# [WHAT YOU SHOULD DO]
With the pictures removed, please write out every line below exactly as given.

# [TASK INPUTS]

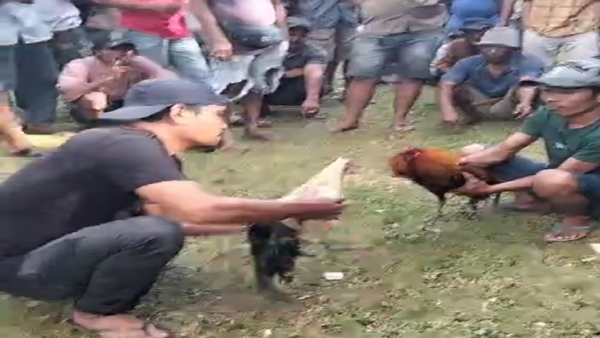 Warga Teriak Keadilan, Polisi Bungkam: Judi Sabung Ayam Dibiarkan Menggila di Bulukumba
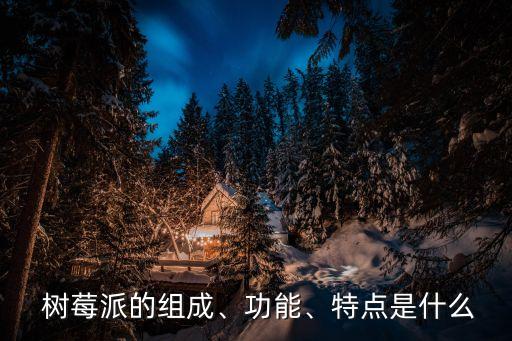 樹莓派 寫字機器人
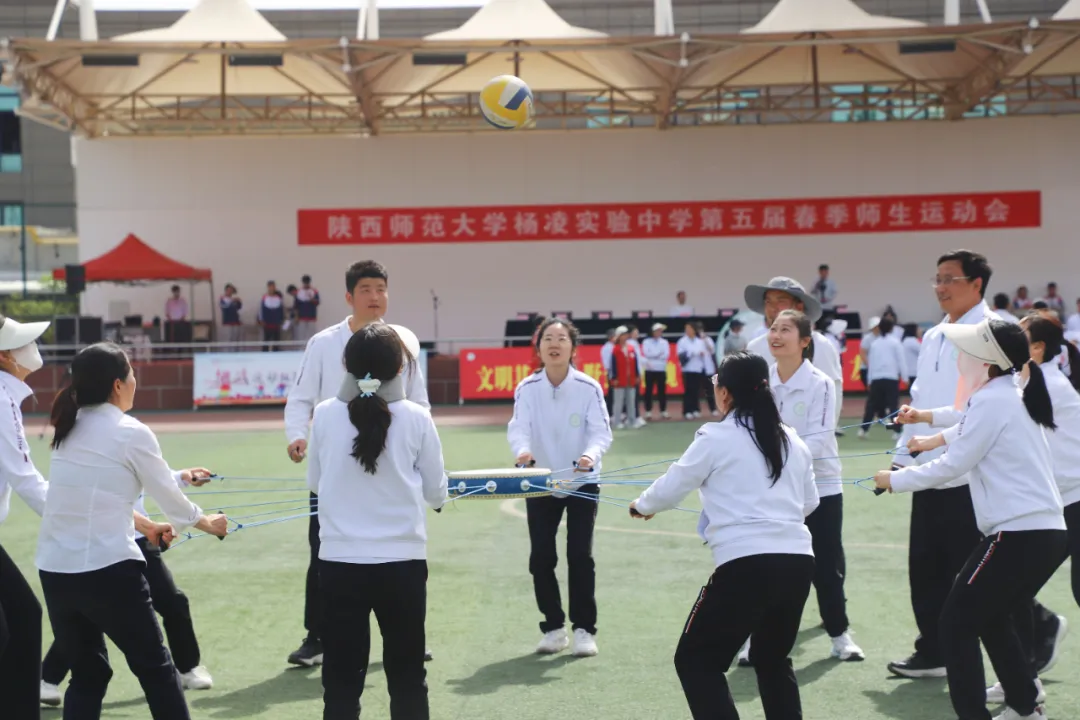 1763013798552014.png 微信图片_20251113113105_108_7.png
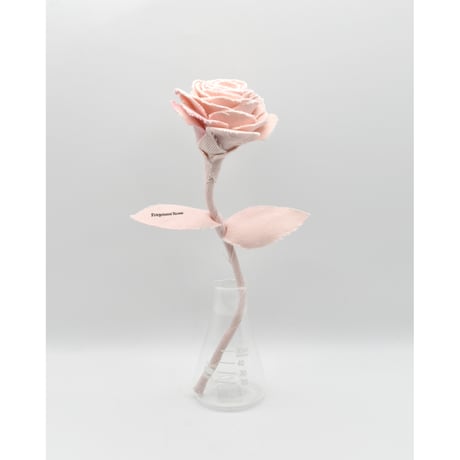 Fragment Rose - Mottled Pink -｜ Remake by VERS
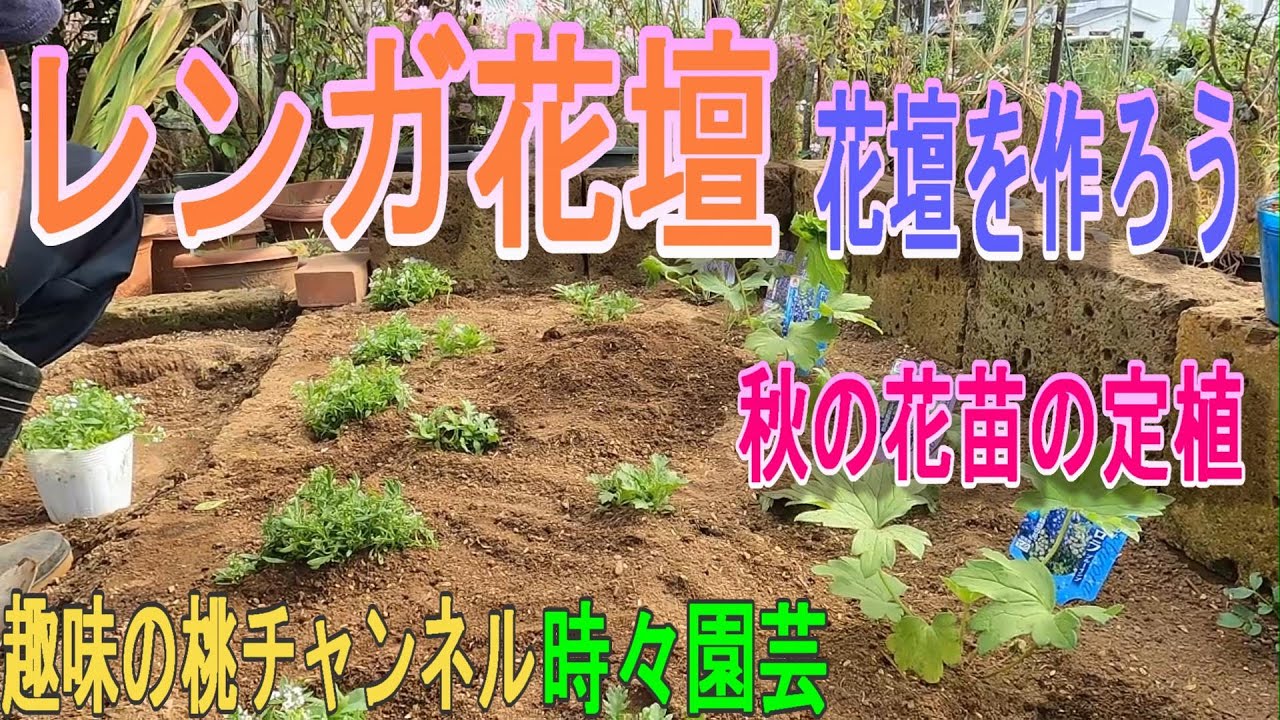 レンガ花壇】花壇を作ろう 秋の花苗の定植 23/12/3 - YouTube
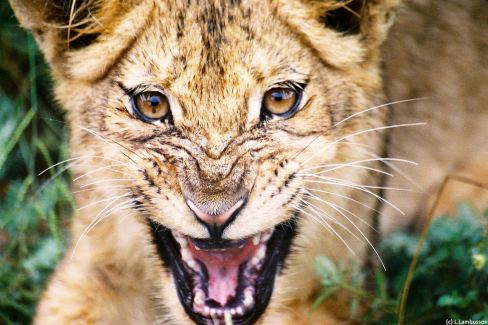 Un lionceau dans la reserve de Tsukudu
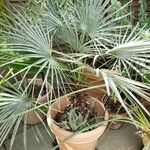 Chamaerops humilis Hábitos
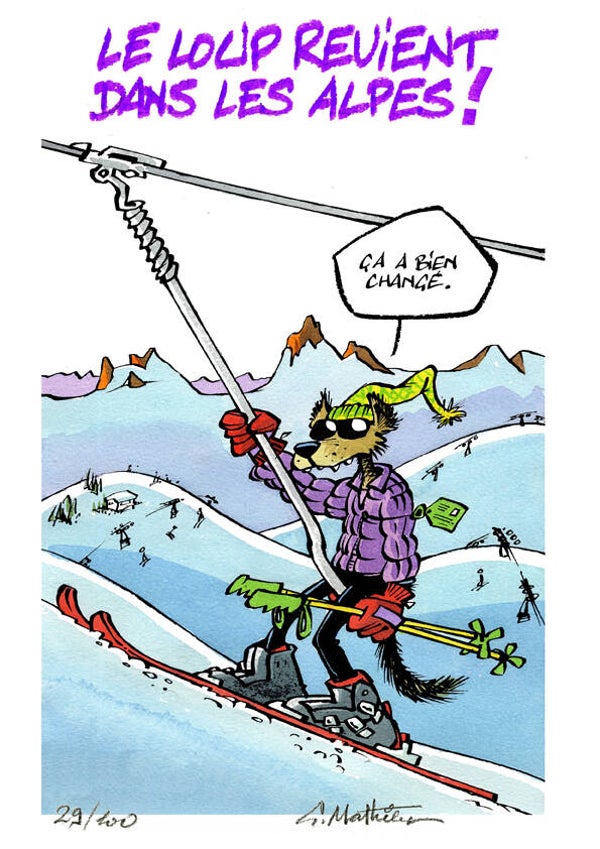 Loup des Alpes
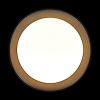 Потолочный светильник Loft IT Coin 10202 BB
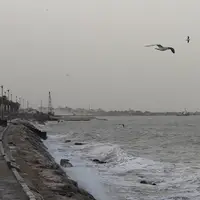 ادامه وزش باد به‌نسبت شدید شمالی در سواحل بوشهر
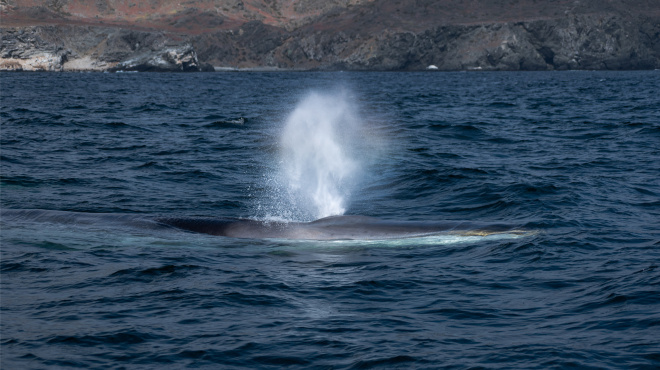 Ballena de aleta en mar abierto 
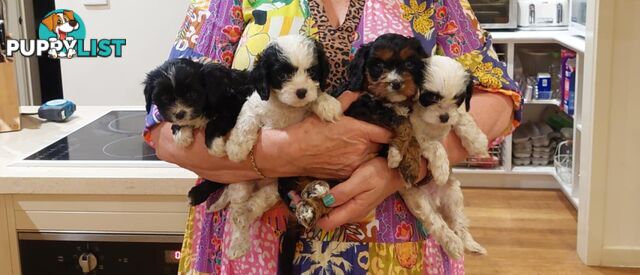 Cavoodle Puppies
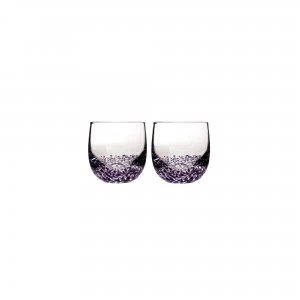 image of Denby Amethyst Small Tumbler Pack Of 2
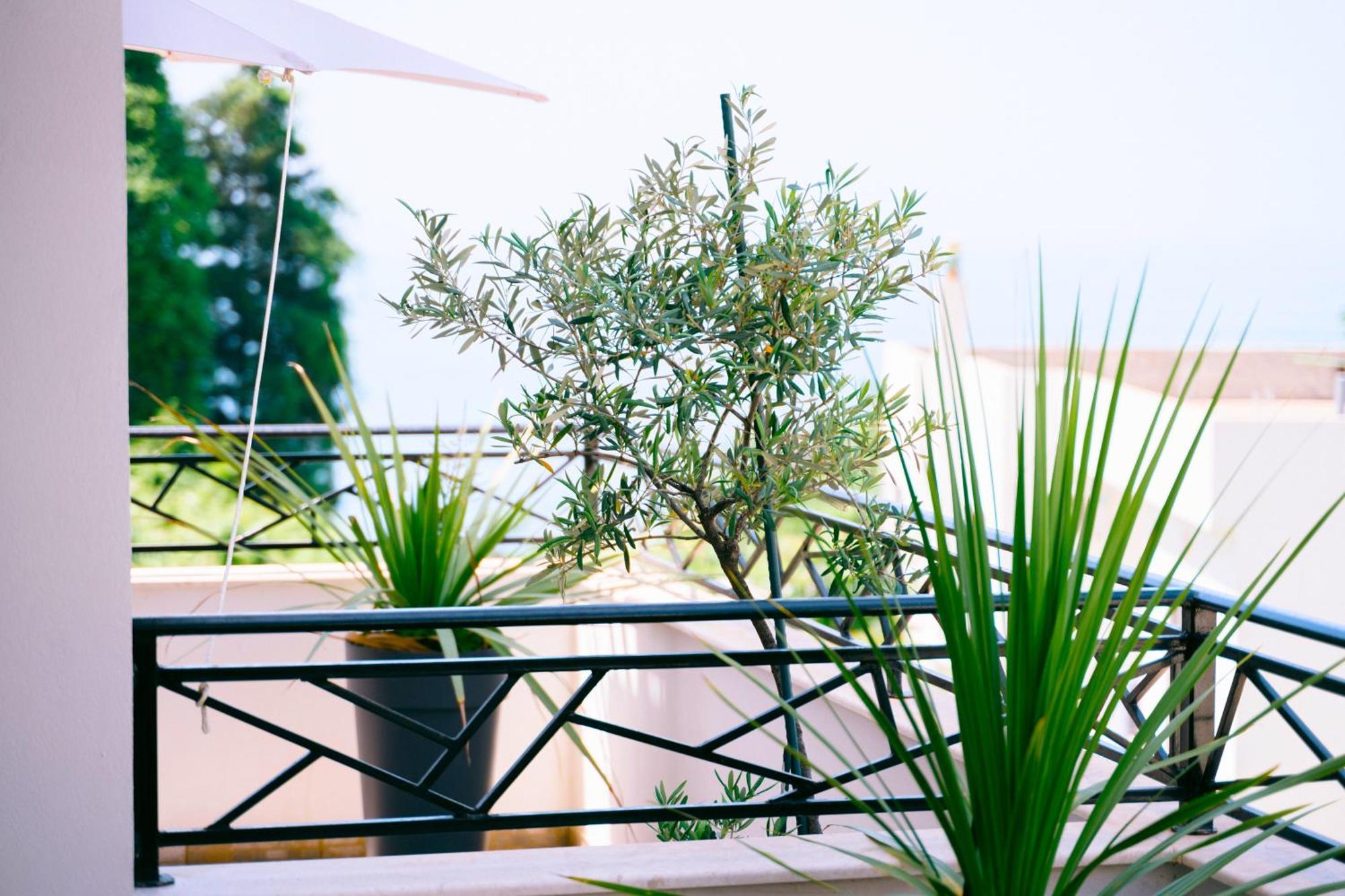 דירה The Rooftop Of Lungo Mare 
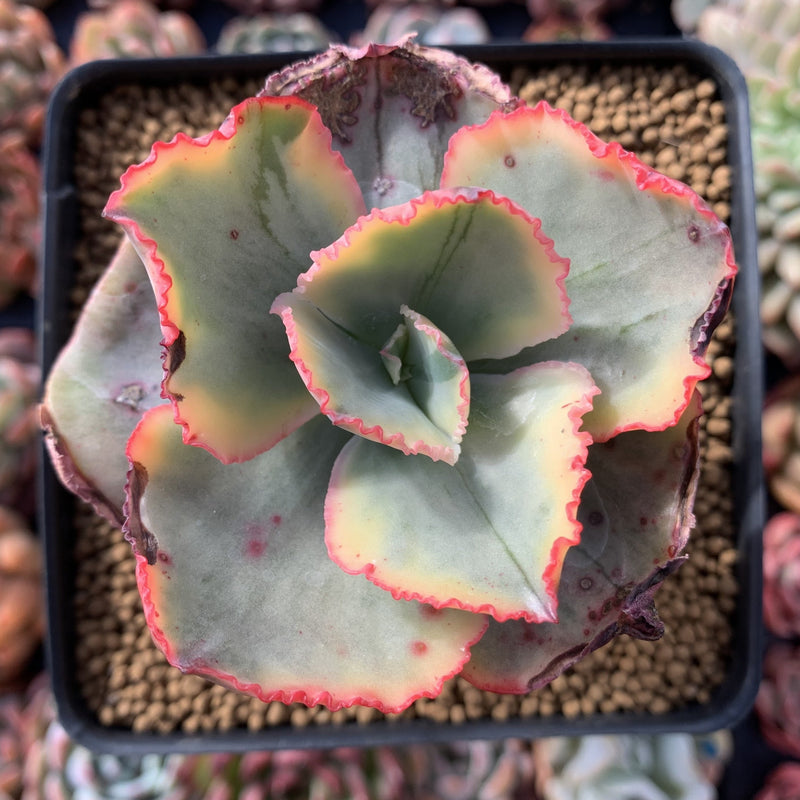 tornado succulent Echeveria 'Tornado' Variegated 3"-4" Succulent Plant – True Succulents Plant Co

# [RESPONSE TO THE TASK]
 Warga Teriak Keadilan, Polisi Bungkam: Judi Sabung Ayam Dibiarkan Menggila di Bulukumba
 樹莓派 寫字機器人
 1763013798552014.png 微信图片_20251113113105_108_7.png
 Fragment Rose - Mottled Pink -｜ Remake by VERS
 レンガ花壇】花壇を作ろう 秋の花苗の定植 23/12/3 - YouTube
 Un lionceau dans la reserve de Tsukudu
 Chamaerops humilis Hábitos
 Loup des Alpes
 Потолочный светильник Loft IT Coin 10202 BB
 ادامه وزش باد به‌نسبت شدید شمالی در سواحل بوشهر
 Ballena de aleta en mar abierto 
 Cavoodle Puppies
 image of Denby Amethyst Small Tumbler Pack Of 2
 דירה The Rooftop Of Lungo Mare 
 tornado succulent Echeveria 'Tornado' Variegated 3"-4" Succulent Plant – True Succulents Plant Co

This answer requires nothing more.